# TASK OBJECTIVE
Beginning with the line that holds "Viral Mobil Listrik" and ending with the last line, please repeat the entries exactly and omit the pictures.

# RECORDS TO USE
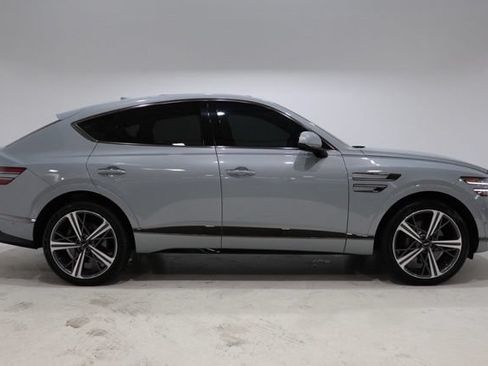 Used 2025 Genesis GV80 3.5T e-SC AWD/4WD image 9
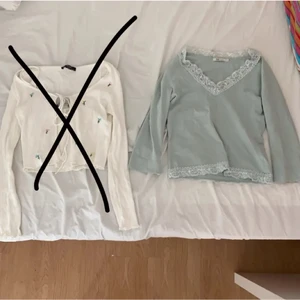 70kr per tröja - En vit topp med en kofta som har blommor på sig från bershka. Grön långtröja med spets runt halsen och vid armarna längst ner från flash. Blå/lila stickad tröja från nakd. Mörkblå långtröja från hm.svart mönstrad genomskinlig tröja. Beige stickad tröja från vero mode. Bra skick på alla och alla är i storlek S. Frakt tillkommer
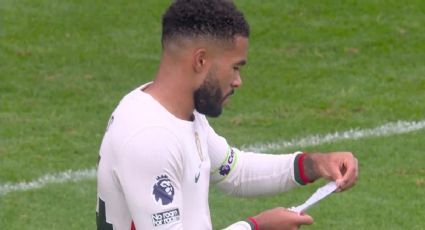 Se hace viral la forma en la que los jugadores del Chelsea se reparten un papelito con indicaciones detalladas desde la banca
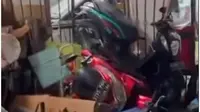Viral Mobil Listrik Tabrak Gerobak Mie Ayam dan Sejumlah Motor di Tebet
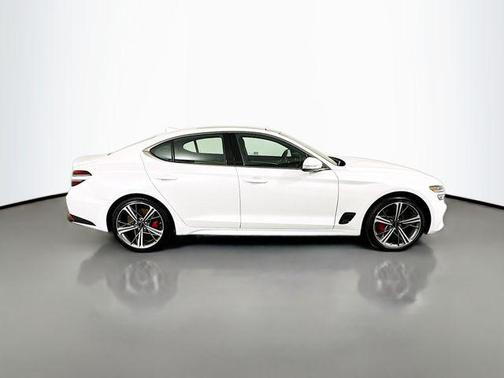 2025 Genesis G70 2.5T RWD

# YOUR SOLUTION
Viral Mobil Listrik Tabrak Gerobak Mie Ayam dan Sejumlah Motor di Tebet
 2025 Genesis G70 2.5T RWD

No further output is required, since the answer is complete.